To answer your other questions, horses are a result of everything in their life. They are not like computers that have special buttons to do special things, you don't install it and its there forever. Unless this horse was owned by someone as the same touch, feel, responsiveness, and cues as you, then you can expect him to respond off your cues just as easily as a horse that you've had for a while. He may have been dulled down by needless squeezing on his sides, which would be why he would respond to a vocal cue that was consistant with what he was taught in the past. Its very easy to train him to respond to leg by using consistancy with your commands.
As far as connections go with horses, this is how I see it. I communicate with people regularly and talk to plenty of people every day. There are only a select few that I have a connection with, such as my husband, family members, and close friends, and that is fine with me. I see so many horses every day that it is the same with them, I don't expect sparks and fireworks with everyone, but I do expect communication.
Remember that your guy is 27 now. Some basic NH exercises would be perfectly fine for him, but keep in mind that his body is probably not what it once was. Excessive circling, extensive lateral work, constant disengagement, and jumping obstacles would not be in his best interest physically and this type of work should be kept at a minimum.
I personally hate riding my beginner shooling horse. He is so simple and doesn't have any fancy buttons like my personal gelding that I've had since I was a teenager. However, my gelding has trouble walking in a straight line with beginners on his back that are sending mixed signals. My dull, simple, schooling horse is always their favorite as he moves mindlessly around the ring allowing them to figure things out without taking ever shift of weight as a cue. I don't dare change that and as they are capable of moving up the horsey ladder, they learn more advanced things. I understand that you got this guy to get you more confident undersaddle. Start listening to what he can teach you, and don't worry so much about what you want to teach him.
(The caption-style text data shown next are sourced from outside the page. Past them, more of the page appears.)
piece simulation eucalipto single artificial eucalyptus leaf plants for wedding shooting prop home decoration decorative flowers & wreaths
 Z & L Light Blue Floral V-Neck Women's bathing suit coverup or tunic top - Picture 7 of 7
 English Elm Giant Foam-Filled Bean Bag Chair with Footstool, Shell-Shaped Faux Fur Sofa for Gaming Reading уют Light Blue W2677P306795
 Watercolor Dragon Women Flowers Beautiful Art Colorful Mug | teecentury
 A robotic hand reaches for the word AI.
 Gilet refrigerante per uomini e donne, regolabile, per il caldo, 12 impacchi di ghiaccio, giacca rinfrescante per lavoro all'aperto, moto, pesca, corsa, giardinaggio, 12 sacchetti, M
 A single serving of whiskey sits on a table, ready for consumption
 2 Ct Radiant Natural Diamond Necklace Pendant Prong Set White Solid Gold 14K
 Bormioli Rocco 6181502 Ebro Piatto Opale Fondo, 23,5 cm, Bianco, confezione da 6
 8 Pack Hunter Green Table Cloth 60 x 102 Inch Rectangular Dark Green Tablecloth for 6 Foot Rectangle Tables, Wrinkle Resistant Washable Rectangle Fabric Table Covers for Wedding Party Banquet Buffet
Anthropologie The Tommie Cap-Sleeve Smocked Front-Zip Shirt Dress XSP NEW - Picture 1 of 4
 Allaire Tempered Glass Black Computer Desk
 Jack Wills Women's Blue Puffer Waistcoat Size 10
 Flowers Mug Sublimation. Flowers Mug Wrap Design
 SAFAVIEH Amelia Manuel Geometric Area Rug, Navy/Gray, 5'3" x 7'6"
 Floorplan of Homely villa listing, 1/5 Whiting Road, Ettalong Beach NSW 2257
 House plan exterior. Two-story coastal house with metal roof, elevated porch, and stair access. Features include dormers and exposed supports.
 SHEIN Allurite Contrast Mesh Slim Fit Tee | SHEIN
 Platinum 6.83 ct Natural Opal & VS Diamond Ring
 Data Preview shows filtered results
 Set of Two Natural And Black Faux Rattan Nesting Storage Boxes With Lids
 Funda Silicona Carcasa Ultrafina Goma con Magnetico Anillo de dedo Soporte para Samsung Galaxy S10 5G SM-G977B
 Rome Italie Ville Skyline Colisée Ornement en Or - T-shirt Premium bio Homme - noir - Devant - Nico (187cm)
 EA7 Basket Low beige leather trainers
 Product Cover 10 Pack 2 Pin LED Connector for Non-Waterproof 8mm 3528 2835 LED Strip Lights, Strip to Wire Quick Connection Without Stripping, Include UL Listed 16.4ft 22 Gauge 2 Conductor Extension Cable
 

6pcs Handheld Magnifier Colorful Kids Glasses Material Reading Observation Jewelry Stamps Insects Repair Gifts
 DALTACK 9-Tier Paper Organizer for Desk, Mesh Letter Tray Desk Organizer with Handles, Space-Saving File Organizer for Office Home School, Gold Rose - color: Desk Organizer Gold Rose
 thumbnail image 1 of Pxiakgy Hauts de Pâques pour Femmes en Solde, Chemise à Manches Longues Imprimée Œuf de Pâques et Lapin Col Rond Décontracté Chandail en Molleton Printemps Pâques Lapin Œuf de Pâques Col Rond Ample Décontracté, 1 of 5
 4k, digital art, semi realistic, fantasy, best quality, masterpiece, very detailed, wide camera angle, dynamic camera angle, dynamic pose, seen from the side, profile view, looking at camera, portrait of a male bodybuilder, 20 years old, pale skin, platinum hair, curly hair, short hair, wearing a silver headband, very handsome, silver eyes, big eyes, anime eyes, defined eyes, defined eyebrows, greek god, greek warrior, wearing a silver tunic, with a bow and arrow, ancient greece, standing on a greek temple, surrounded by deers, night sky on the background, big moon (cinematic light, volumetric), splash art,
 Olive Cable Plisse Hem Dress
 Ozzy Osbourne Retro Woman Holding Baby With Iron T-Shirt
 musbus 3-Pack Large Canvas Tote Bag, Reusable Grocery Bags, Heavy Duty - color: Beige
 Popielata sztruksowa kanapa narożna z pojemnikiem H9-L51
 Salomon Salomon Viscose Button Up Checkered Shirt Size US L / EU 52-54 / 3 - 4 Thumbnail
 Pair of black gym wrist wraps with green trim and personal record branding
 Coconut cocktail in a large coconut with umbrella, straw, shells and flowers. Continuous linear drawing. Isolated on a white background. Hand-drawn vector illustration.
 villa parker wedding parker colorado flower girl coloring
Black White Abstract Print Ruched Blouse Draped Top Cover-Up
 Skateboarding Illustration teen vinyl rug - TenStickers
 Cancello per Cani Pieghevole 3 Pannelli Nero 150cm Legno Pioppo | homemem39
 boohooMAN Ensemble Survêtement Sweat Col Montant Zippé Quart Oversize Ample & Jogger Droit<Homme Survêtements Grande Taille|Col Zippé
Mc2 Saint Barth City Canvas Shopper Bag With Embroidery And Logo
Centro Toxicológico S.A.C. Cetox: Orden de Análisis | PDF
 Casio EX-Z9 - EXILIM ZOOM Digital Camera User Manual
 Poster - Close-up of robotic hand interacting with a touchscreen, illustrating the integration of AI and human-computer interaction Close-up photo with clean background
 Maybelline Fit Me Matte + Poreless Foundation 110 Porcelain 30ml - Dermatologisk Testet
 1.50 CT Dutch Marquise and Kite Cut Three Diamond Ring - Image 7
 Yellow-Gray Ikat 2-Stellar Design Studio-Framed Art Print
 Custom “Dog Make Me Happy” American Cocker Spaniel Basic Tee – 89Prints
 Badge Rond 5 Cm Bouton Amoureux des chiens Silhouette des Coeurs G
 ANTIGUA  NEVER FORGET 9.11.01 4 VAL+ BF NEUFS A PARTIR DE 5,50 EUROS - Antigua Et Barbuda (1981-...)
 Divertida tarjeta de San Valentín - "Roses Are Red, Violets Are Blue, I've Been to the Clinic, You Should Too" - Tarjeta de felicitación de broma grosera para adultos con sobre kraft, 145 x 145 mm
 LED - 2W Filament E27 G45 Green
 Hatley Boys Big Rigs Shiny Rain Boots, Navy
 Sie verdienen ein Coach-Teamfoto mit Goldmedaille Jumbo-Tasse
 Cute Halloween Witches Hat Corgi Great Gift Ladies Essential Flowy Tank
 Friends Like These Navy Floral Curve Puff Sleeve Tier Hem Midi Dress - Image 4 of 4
The language of the horse isn't something that you learn from books or listening to people, its something that you learn from listening to horses. I took 4 years of Spanish in school and still wouldn't trust myself in a foreign country. My husband never took spanish in school, but has many spanish speaking people working for him. Guess which one of us can carry on a conversation? Him. He lives in the middle of it and had to do learn it to get by.
Horses are the same way, you can learn some stuff from books or what people tell you. But if you truly want to learn that language, listen to the horse and let it become essential for your everyday life with your horses. When you do it long enough, you never have to "do" NH, its your life because you are constantly communicating with your horses.